(DATA PROVIDED):
------------------------------
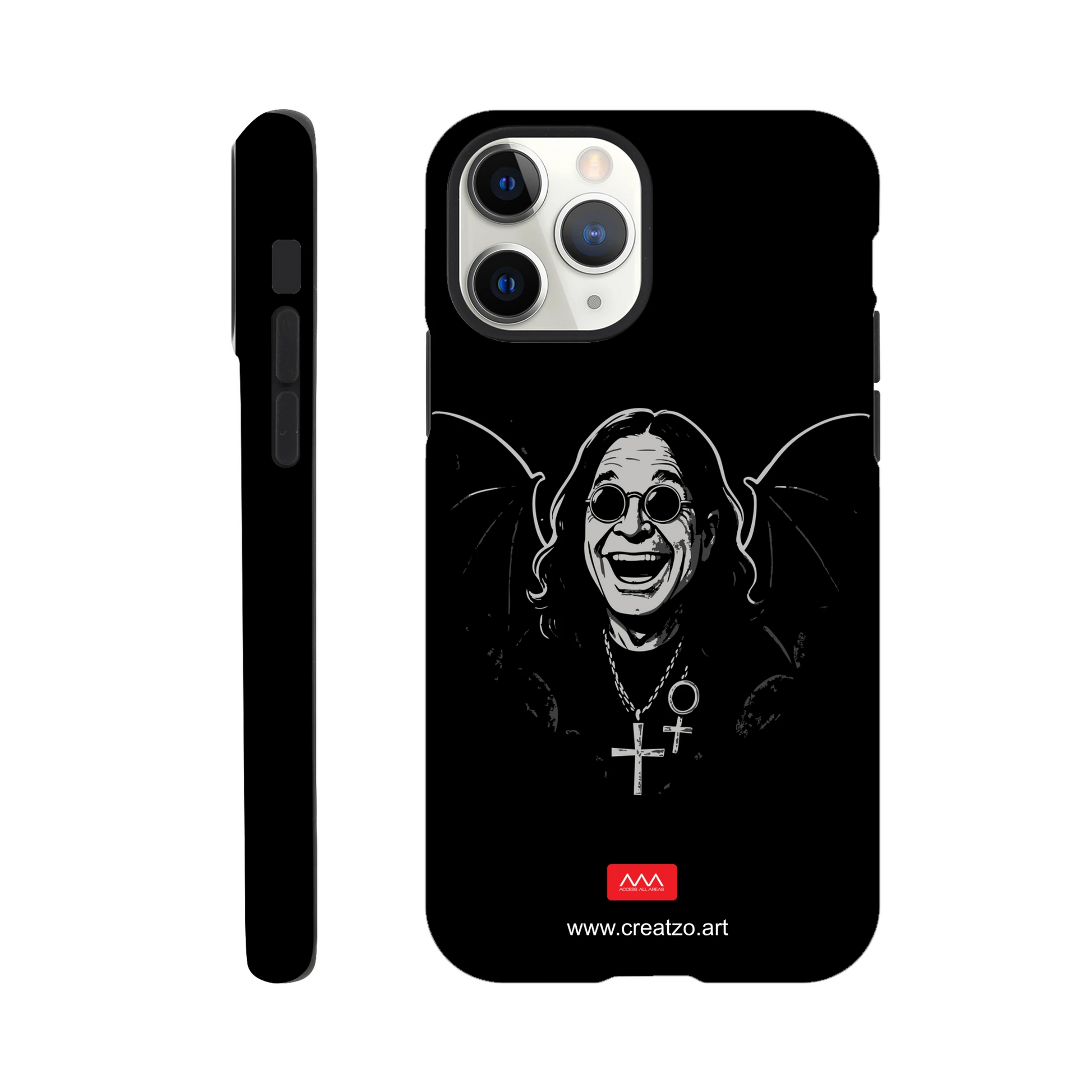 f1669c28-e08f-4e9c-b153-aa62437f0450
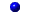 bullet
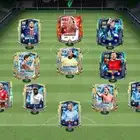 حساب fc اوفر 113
------------------------------
(TASK): When you retype the listing, keep every line exactly as it is and drop the pictures.

(WORKED SOLUTION):
 f1669c28-e08f-4e9c-b153-aa62437f0450
 bullet
 حساب fc اوفر 113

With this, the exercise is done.